■ **Work order**
When you transcribe the entries, reproduce every character and exclude the images.

====

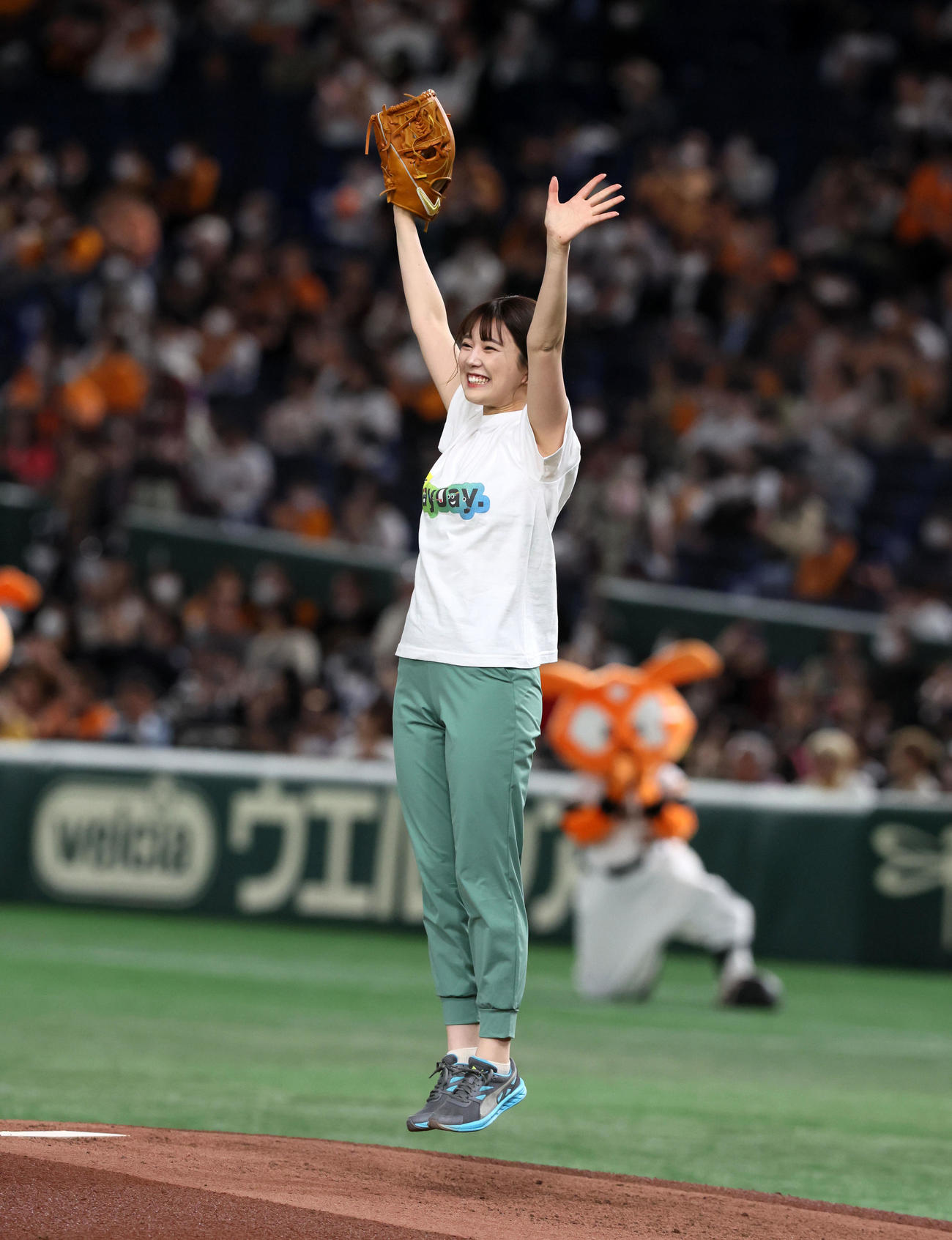巨人対阪神　始球式を行った黒田アナウンサー（撮影・加藤哉）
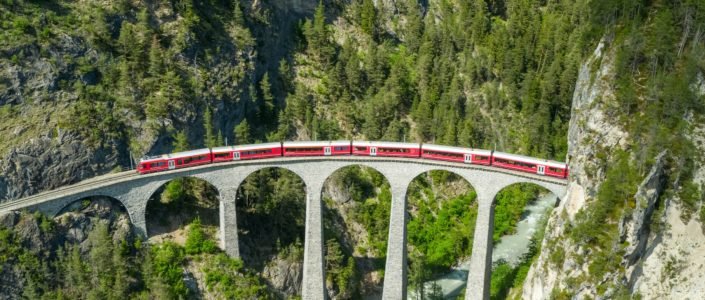 Panoramic Train Tours of Switzerland, Luxury and Confort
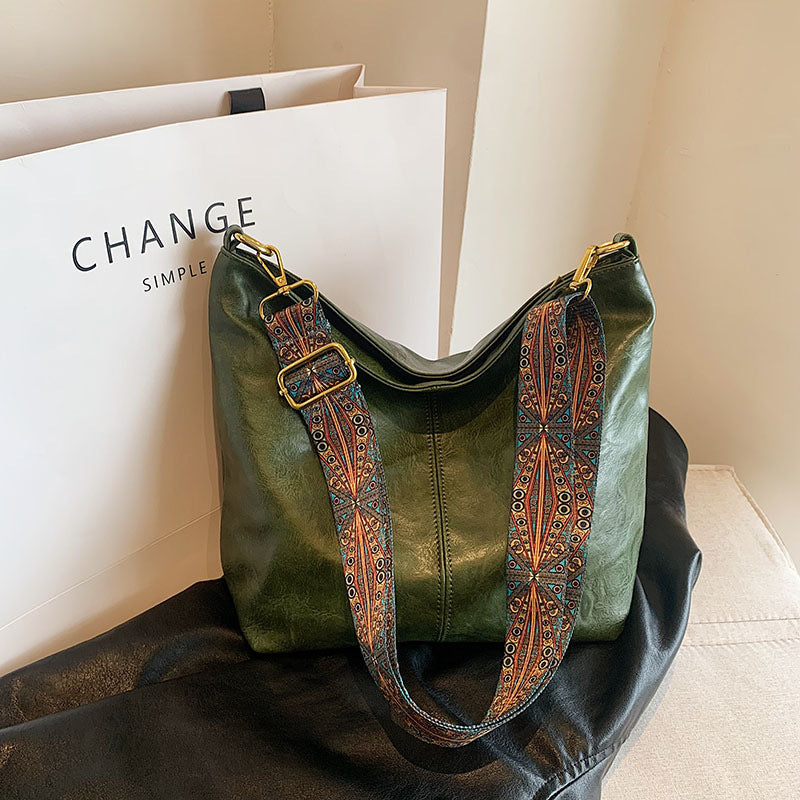 Sac Rétro – Bandoulière & Capacité Nomade 🖤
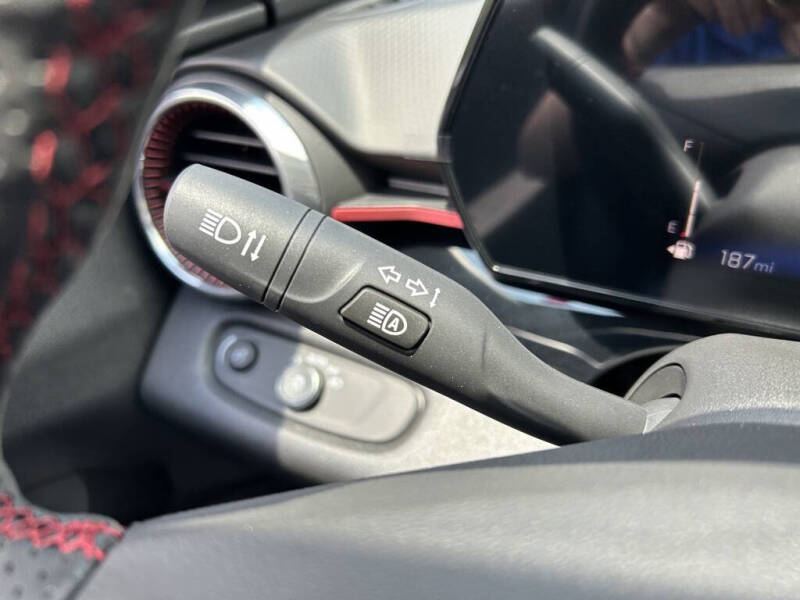 2025 Chevrolet Trax RS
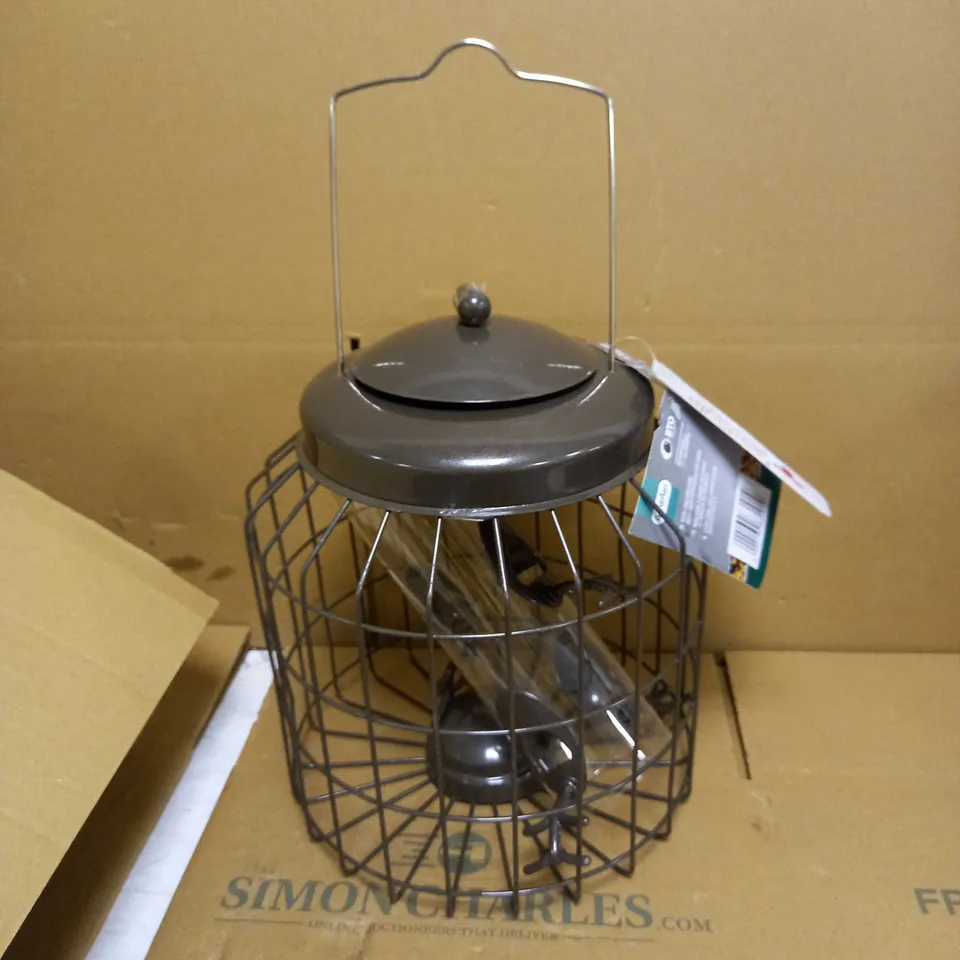 GARDMAN HEAVY DUTY SQUIRREL PROOF SEED BIRD FEEDER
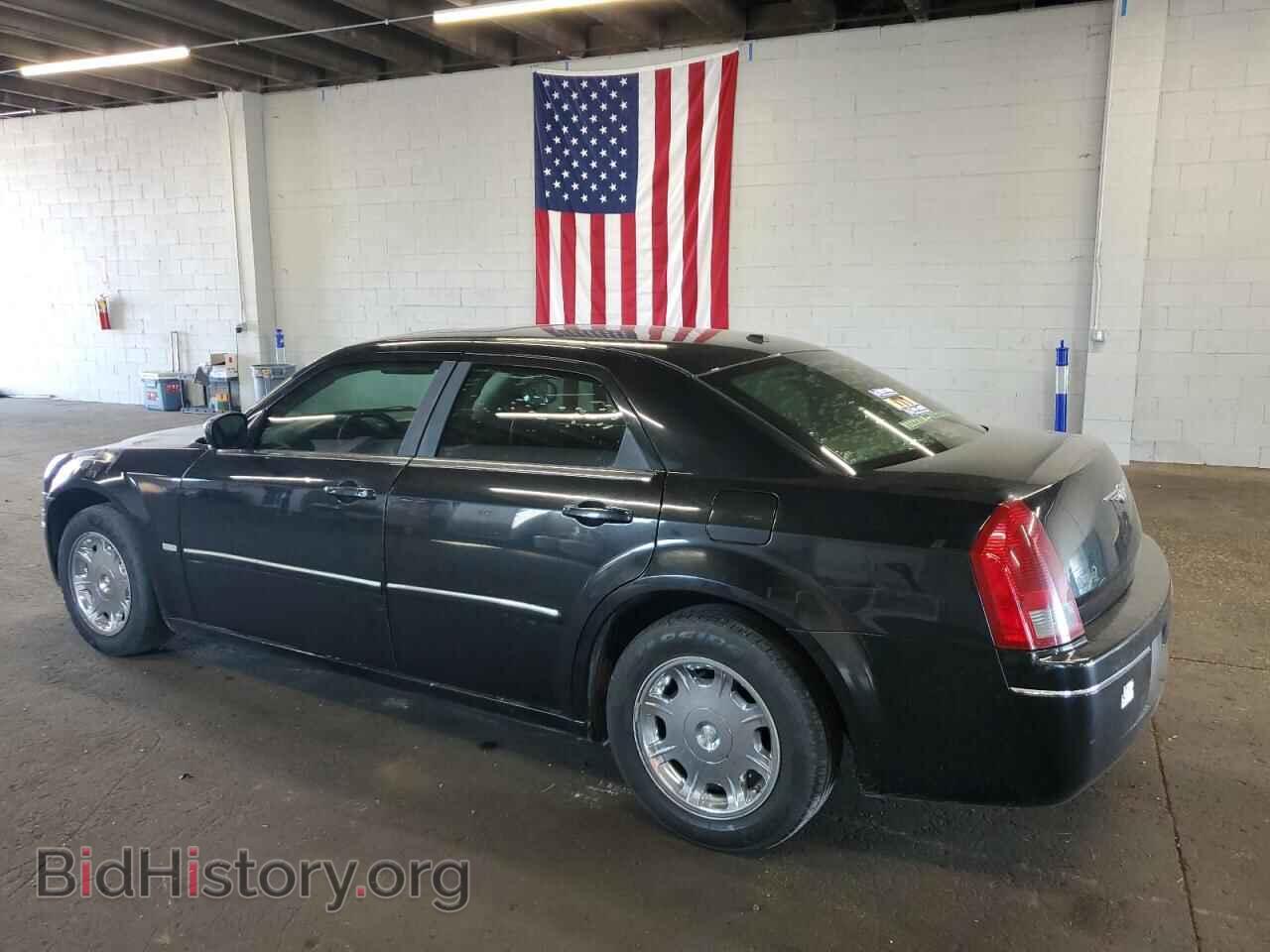 2007 CHRYSLER 300 - VIN: 2C3KA53G17H729940 - Фото 2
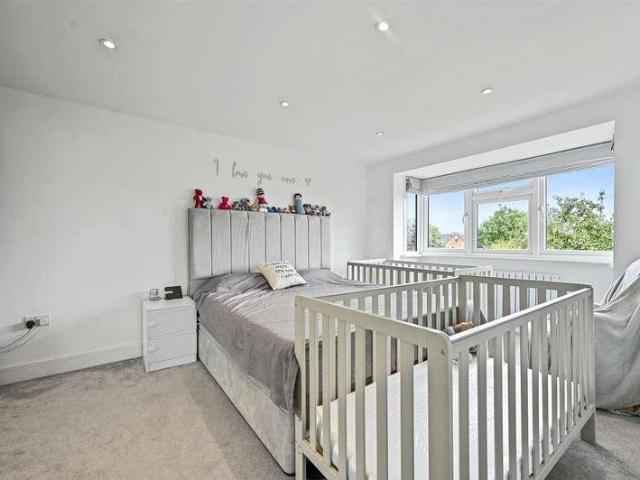 Flat for sale in Elstree and Borehamwood, Borehamwood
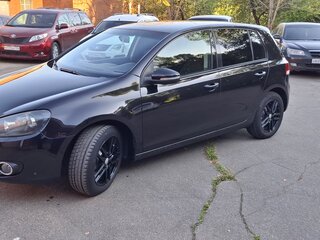 2011 Volkswagen Golf VI, чёрный, 820000 рублей, вид 4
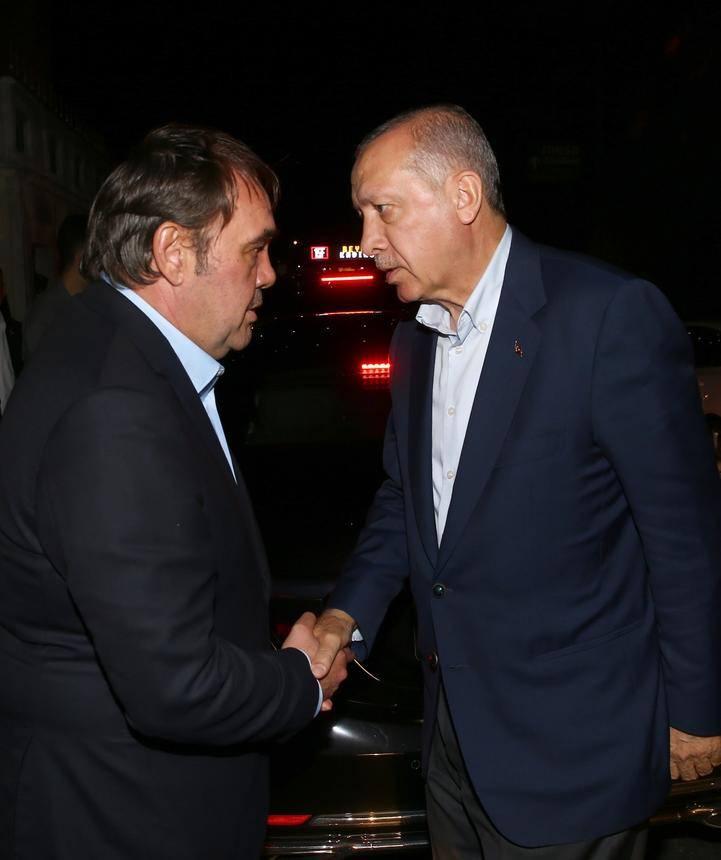 <p>Erdoğan, Yıldırım Demirören, Tayfun Demirören, Meltem Demirören Oktay ve diğer aile üyelerine taziyelerde bulundu.</p>
<p> </p>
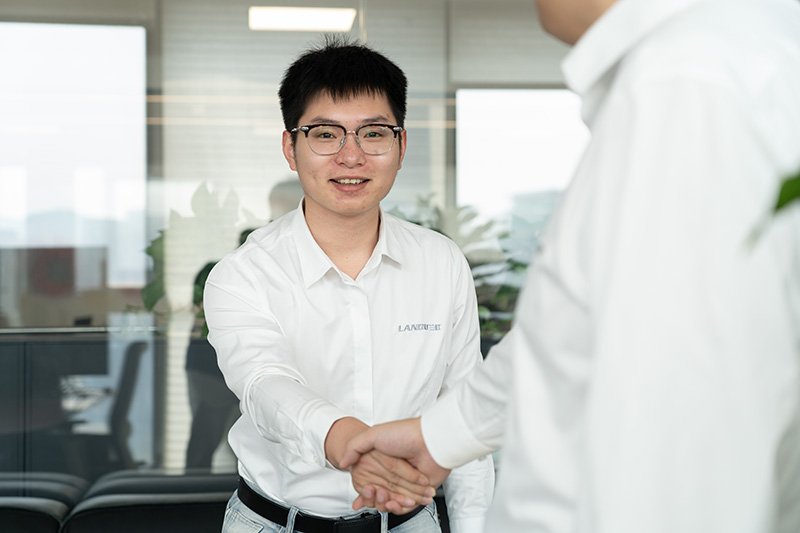 LANDU- product-manager-with-customer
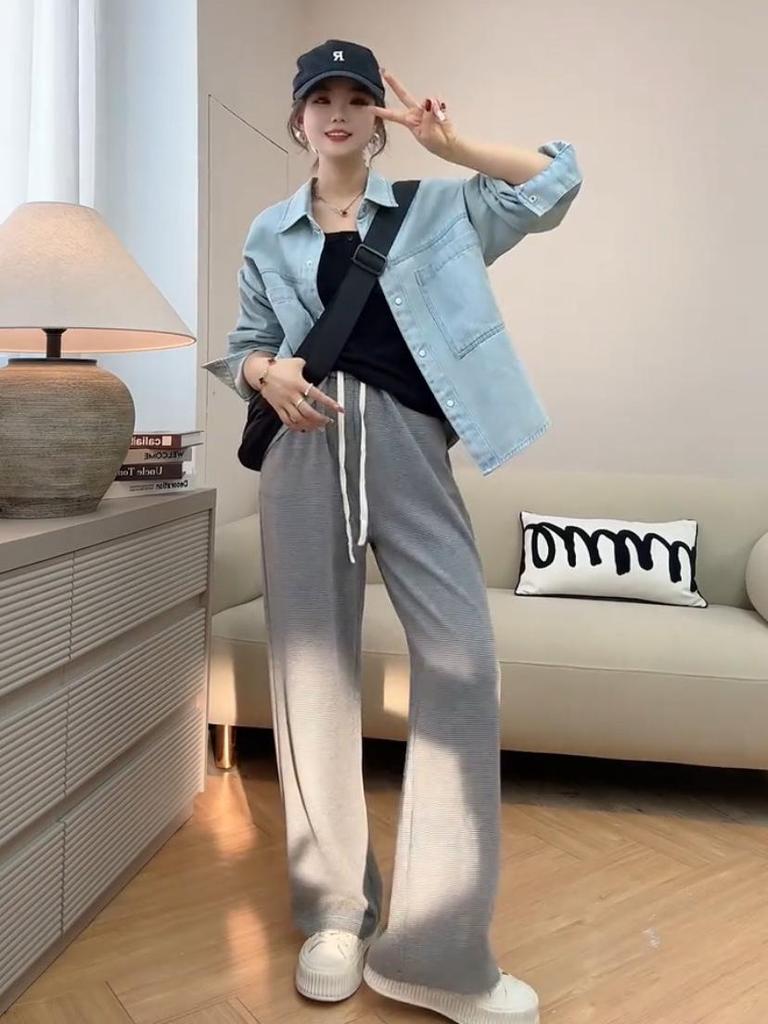 2025 New Hong Kong-Style Women's Denim Shirt Jacket: Casual Spring Loose Fit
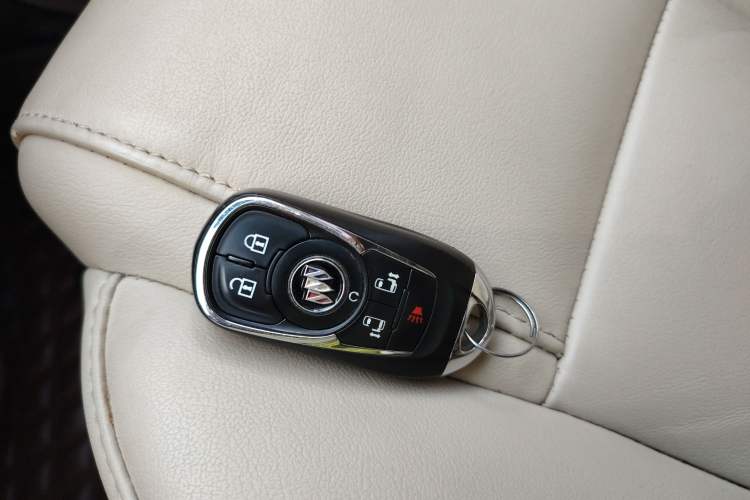 Used Buick GL8 2023 ES Lu Zun Deluxe Model
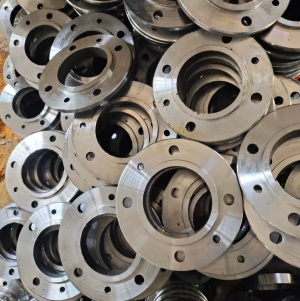 Every flange is produced with tight dimensional tolerances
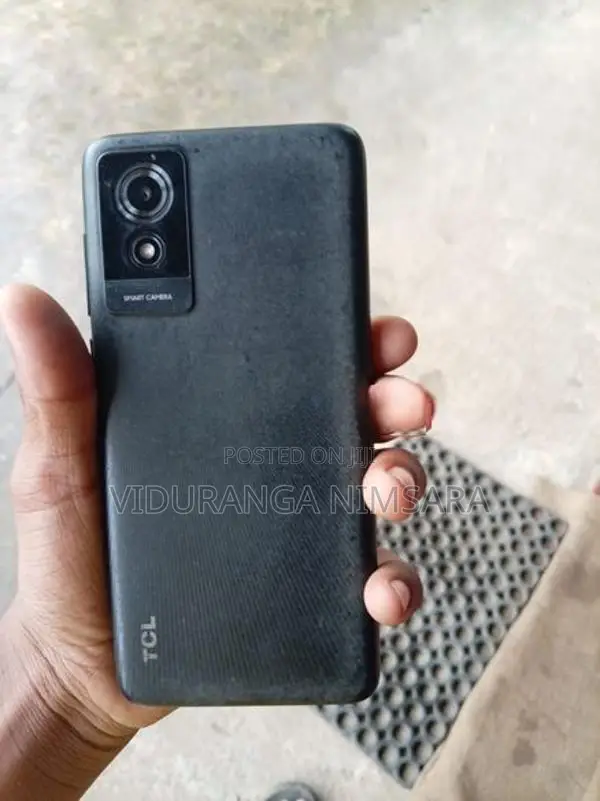 TCL 20E (Used)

====

■ **Result for this task**
巨人対阪神　始球式を行った黒田アナウンサー（撮影・加藤哉）
 Panoramic Train Tours of Switzerland, Luxury and Confort
 Sac Rétro – Bandoulière & Capacité Nomade 🖤
 2025 Chevrolet Trax RS
 GARDMAN HEAVY DUTY SQUIRREL PROOF SEED BIRD FEEDER
 2007 CHRYSLER 300 - VIN: 2C3KA53G17H729940 - Фото 2
 Flat for sale in Elstree and Borehamwood, Borehamwood
 2011 Volkswagen Golf VI, чёрный, 820000 рублей, вид 4
 <p>Erdoğan, Yıldırım Demirören, Tayfun Demirören, Meltem Demirören Oktay ve diğer aile üyelerine taziyelerde bulundu.</p>
<p> </p>
 LANDU- product-manager-with-customer
 2025 New Hong Kong-Style Women's Denim Shirt Jacket: Casual Spring Loose Fit
 Used Buick GL8 2023 ES Lu Zun Deluxe Model
 Every flange is produced with tight dimensional tolerances
 TCL 20E (Used)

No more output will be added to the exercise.